A step by step guide on what to do in the case of a head injury
Head injuries can happen for many reason, but for this post I will use the example of falling on the playground and hitting head on concrete.
- Take a breath. Your child fell and that can be traumatizing to you just as much as them. Try to center yourself as much as you can to attend to them. I know sometimes its hard to be strong, but when they’re hurt, try to hold it together. And then you can go cry in a room later (trust me, I’ve done that). But in the moment, they need you.
- You need to assess your child. If the child is unconscious, you need to call 9/11 and seek medical attention. This is very important. If they lose consciousness and become alert, you still need to have them evaluated in an ER setting. For any loss of consciousness, please go to the ER.
- If your child is crying/alert, after consoling them/bringing them to a safe area, assess them for any obvious visible injuries like cuts and bruises. If you notice a laceration on the face that is gaping, meaning you have to push the wound edges together for it to close, your child should be evaluated as they may need glue, stitches or staples.
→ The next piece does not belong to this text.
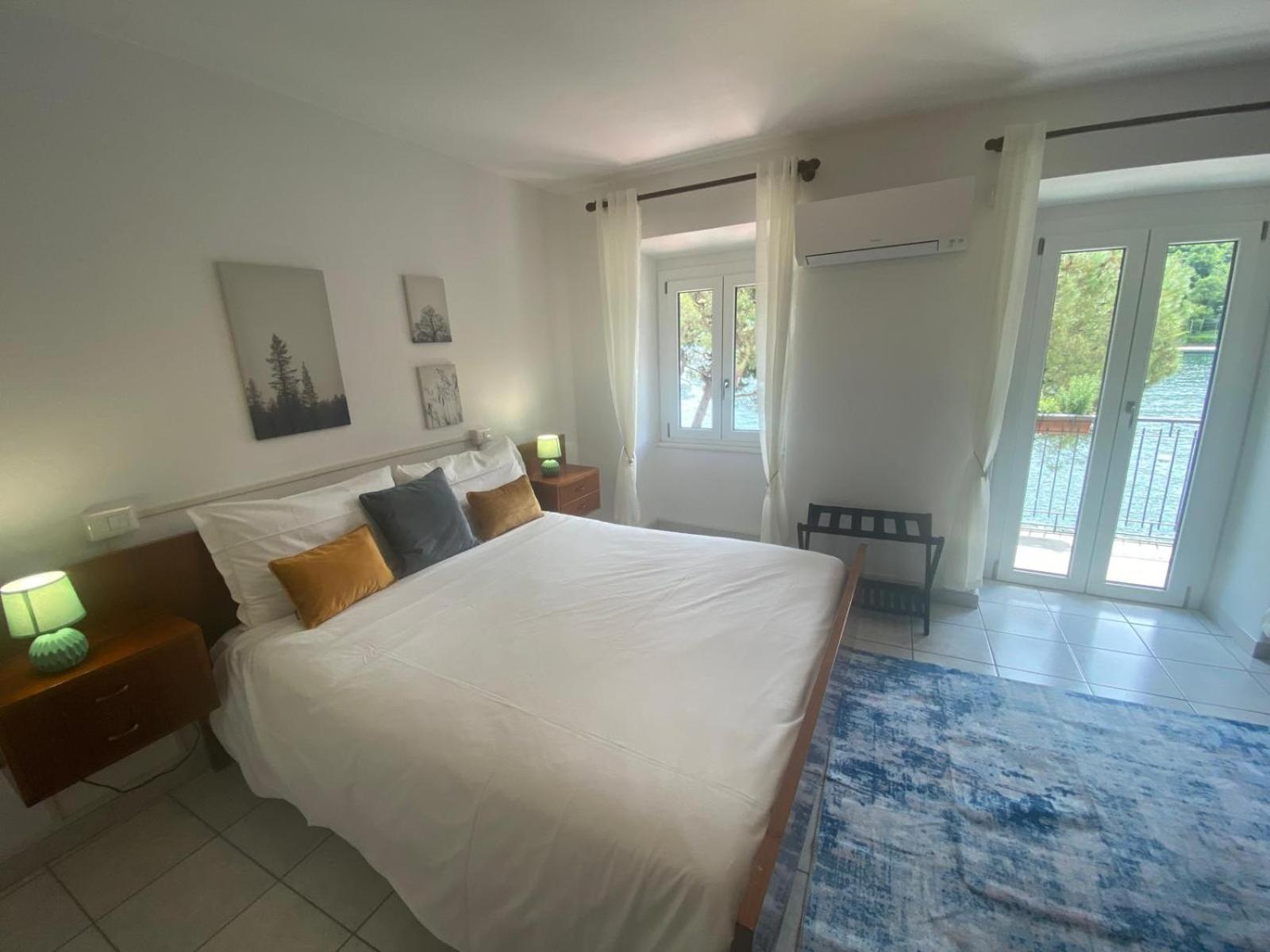 La Casa Sul Lago Лено Екстериор снимка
- Glue/dermabond is possible in most areas, but we usually tend to not do it near the eye, joints and places that would require a lot of movement. Stitches are useful in many places and can provide better cosmetic recovery. Staples are used on scalps. For a gaping wound, have it evaluated so a clinician can determine what “closure” (if any) is needed.
- When checking for bruises, check for bruises behind the ears, or under the eyes (or if these develop) OR if child is draining clear fluid from nose that is not snot (looks like a faucet) – this can indicate internal injury.
- As part of the assessment, if they are unable to move their neck or can’t feel their fingers or hands, it’s important to seek medical attention as this may indicate a neck injury.
If your child cried and has no open injuries, monitor for the following
- A constant headache, particularly one that gets worse
- Dizziness that does not go away or happens repeatedly
- Vomiting more than 2 or 3 times
- Difficulty walking, talking or communicating at baseline
- Complaining of visual changes or hearing changes
- Seizure-like activity
- Drowsy and not interested in feedings/hydration
- Inconsolable even with consoling and changing locations
If your child has any of these lingering symptoms, it’s best to seek medical attention.
Why you should care about head injuries
Most head injuries are minor, but if any of the above symptoms are occurring, we want an evaluation to see if the child needs imaging—namely a CT scan to assess for internal injuries such as brain bleeds. We use something called Pecarn Guidelines to determine if head injuries require a CT. CTs do have small amounts of radiation so we like to assess benefit vs. risk for these images. If your child has a hematoma on back of head (excluding frontal area) let your clinician know. If your child is under three months old, let clinician know. It’s best to evaluate since they are small.
Concussions can occur with these mild head injuries—it’s basically a “bruise” and just like bruises we get on body, they do heal. Many head injuries can lead to concussions and they heal. If your child is experiencing any prolonged symptoms of headache, irritability, dehydration, and you feel symptoms are not improving, speak to a clinician. We want to know 48 hours after an injury if things aren’t seeming to improve. Imaging is not necessary for a concussion, but it will be indicated if a child is not acting at baseline, there is loss of consciousness or vomiting.
How to monitor at home
For older children than one, put an ice pack on the injured area and monitor for 24 hours. They can sleep and you can visually check in. No need to wake them up from sleep unless directed by a clinician. Give them pain meds if need be. Speak to clinician at any time you are concerned. If your child isn’t acting right, healthcare is accessible 24 hours a day (ER/doctors office for you!).